*** Opening of MATERIALS PROVIDED ***

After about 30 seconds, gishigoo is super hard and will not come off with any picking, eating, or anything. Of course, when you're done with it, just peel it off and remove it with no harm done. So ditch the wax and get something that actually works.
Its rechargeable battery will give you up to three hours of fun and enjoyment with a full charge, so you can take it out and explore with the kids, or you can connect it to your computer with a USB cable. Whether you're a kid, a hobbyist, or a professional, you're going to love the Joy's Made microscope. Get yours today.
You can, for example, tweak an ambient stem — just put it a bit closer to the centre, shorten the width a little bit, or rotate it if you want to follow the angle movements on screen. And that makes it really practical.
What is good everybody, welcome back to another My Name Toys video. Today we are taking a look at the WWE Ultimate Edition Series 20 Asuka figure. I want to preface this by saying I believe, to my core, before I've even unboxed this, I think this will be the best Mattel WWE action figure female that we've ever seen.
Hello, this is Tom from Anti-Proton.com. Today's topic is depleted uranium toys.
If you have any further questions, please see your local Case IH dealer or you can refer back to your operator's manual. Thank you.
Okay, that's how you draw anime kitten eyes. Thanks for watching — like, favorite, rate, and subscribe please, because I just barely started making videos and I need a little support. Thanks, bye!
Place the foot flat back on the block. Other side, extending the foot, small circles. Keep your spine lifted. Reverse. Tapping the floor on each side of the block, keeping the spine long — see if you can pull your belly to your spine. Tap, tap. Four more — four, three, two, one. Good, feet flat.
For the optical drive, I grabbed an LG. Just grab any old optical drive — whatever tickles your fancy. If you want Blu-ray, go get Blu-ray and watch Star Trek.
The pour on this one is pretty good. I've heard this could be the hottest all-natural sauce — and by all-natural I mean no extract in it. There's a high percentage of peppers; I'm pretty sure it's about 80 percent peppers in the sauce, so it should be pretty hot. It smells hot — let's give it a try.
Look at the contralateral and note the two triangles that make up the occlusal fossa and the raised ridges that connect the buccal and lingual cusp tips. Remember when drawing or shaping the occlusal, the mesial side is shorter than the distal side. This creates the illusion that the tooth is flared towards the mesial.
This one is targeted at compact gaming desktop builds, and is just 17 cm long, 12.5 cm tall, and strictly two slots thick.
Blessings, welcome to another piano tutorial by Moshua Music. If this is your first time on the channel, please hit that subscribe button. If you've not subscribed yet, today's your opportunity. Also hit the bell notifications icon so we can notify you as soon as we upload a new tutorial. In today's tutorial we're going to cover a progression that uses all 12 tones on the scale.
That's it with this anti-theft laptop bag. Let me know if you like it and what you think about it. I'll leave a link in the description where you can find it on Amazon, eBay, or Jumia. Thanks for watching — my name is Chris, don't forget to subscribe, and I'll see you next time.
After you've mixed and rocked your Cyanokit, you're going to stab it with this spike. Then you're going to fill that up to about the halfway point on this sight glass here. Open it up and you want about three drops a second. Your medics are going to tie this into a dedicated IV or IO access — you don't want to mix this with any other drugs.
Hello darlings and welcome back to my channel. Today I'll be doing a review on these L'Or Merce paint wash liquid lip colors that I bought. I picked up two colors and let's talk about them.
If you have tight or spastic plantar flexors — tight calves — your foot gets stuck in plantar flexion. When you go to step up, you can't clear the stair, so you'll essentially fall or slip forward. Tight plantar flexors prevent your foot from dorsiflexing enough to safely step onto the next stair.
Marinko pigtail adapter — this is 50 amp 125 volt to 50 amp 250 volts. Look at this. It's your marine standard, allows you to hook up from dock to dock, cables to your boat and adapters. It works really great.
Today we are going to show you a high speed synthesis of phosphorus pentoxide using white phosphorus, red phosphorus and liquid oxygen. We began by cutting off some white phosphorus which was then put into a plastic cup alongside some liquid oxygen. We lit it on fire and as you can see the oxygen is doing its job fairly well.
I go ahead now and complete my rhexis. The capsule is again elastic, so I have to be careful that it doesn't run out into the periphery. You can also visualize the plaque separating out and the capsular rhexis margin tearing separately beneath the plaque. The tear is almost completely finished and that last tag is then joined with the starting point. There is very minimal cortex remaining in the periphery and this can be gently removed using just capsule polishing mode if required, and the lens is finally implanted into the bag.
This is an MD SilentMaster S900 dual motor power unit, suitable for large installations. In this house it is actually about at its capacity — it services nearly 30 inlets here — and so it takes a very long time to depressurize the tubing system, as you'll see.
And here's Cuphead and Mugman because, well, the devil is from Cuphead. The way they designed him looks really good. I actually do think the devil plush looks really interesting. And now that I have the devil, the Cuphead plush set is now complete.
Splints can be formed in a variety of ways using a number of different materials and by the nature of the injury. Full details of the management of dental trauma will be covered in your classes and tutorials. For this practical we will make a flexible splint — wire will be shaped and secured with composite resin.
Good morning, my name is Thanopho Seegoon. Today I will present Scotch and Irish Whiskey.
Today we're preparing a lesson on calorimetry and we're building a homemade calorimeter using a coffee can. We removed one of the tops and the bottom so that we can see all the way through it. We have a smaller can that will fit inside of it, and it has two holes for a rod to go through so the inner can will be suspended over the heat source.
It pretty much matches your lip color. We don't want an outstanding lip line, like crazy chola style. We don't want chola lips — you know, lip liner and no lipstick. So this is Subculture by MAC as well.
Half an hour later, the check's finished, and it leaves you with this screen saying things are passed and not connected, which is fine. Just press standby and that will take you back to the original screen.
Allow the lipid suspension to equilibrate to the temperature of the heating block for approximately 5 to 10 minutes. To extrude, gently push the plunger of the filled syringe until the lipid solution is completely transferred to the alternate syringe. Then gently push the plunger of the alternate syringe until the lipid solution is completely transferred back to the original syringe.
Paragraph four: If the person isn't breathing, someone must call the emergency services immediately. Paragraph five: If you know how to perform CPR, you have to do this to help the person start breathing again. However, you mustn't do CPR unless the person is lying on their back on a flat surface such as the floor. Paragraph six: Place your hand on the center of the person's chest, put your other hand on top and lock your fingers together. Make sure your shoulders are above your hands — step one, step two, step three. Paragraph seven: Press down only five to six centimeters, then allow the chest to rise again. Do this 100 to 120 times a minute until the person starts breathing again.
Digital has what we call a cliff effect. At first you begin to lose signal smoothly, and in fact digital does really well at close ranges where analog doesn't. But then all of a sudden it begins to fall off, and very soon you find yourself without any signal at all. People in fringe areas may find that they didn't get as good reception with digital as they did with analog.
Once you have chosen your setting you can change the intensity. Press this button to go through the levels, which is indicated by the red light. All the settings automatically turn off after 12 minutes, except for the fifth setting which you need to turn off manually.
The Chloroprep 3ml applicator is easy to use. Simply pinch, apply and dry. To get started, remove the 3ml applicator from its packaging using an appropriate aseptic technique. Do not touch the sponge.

*** Close of MATERIALS PROVIDED ***

EXERCISE BRIEF ::
Once you find the line with "If you have any" in the entries above, output it and each line after it up to and including the line with "Okay, that's how", and nothing else.

RESULT ::
If you have any further questions, please see your local Case IH dealer or you can refer back to your operator's manual. Thank you.
Okay, that's how you draw anime kitten eyes. Thanks for watching — like, favorite, rate, and subscribe please, because I just barely started making videos and I need a little support. Thanks, bye!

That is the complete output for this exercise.